# WHAT TO DO:
Below are some records; output exactly the lines from the line with "Arc Etched Design Brass Choker - Image 2" to the line with "Charming Henty House!", both ends kept, and nothing more.
(DATA EXTRACT)
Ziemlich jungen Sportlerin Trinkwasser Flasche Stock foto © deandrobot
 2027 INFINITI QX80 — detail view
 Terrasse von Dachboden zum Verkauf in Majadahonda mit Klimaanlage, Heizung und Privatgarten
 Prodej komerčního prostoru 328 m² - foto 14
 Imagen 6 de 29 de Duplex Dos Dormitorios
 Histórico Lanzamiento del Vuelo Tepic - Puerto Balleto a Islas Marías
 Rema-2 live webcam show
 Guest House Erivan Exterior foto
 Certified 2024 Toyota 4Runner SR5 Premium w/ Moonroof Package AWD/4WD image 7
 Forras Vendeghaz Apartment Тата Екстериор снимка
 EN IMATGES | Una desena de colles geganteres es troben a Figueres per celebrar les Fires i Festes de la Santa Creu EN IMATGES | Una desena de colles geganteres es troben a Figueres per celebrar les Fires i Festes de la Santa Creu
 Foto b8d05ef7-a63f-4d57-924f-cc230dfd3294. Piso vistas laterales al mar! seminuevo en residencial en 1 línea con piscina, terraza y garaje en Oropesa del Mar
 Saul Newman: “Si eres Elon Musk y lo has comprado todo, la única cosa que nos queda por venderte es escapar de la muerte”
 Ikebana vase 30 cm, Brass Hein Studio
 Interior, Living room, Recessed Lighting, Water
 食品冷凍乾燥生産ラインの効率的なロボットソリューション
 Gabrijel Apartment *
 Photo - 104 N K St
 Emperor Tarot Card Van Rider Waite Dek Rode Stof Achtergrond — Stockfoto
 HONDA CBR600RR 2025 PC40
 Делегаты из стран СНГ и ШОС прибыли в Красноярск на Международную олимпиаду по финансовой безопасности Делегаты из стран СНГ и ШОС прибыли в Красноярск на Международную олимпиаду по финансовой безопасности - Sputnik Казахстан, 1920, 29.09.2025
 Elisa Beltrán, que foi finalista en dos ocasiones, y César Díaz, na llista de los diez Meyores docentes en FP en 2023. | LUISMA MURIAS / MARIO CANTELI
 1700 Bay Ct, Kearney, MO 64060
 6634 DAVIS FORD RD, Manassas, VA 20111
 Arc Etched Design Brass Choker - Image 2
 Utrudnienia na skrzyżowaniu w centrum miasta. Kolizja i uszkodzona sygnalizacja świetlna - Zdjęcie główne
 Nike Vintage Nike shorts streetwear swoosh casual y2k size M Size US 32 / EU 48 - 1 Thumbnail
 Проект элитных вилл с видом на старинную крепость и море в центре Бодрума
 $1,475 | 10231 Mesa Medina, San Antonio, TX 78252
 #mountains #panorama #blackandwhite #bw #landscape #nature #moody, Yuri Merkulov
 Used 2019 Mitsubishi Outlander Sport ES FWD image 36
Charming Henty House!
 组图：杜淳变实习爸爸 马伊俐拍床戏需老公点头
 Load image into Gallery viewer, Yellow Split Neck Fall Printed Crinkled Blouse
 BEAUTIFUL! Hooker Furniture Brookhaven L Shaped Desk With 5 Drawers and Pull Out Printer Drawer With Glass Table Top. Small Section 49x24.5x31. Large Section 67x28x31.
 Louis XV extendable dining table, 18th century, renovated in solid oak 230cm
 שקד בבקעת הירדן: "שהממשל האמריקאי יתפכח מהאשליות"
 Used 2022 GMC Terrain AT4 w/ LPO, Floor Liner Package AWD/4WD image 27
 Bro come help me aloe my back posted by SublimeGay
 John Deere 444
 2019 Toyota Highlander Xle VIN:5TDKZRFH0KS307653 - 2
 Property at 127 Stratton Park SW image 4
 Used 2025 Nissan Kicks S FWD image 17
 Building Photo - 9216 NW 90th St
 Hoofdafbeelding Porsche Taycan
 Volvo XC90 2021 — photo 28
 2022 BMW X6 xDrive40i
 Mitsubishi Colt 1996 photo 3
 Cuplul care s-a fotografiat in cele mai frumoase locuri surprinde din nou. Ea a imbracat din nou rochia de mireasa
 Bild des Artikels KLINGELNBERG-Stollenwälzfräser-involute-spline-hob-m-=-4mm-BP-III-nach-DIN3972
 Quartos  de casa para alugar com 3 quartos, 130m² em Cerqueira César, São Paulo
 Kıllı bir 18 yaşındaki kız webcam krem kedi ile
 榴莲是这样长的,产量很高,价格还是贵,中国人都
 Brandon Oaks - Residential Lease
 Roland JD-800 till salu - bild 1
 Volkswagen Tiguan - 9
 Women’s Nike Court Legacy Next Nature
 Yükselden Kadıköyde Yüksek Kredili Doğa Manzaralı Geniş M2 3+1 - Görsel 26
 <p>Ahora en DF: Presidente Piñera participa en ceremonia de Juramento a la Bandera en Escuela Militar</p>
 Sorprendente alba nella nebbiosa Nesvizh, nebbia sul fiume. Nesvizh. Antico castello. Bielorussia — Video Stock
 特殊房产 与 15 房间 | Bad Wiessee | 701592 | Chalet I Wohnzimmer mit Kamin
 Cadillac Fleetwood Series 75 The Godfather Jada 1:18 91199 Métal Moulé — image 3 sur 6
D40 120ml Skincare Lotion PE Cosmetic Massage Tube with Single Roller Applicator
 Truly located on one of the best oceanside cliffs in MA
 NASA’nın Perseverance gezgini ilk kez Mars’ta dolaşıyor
(End DATA EXTRACT)
# SOLUTION:
 Arc Etched Design Brass Choker - Image 2
 Utrudnienia na skrzyżowaniu w centrum miasta. Kolizja i uszkodzona sygnalizacja świetlna - Zdjęcie główne
 Nike Vintage Nike shorts streetwear swoosh casual y2k size M Size US 32 / EU 48 - 1 Thumbnail
 Проект элитных вилл с видом на старинную крепость и море в центре Бодрума
 $1,475 | 10231 Mesa Medina, San Antonio, TX 78252
 #mountains #panorama #blackandwhite #bw #landscape #nature #moody, Yuri Merkulov
 Used 2019 Mitsubishi Outlander Sport ES FWD image 36
Charming Henty House!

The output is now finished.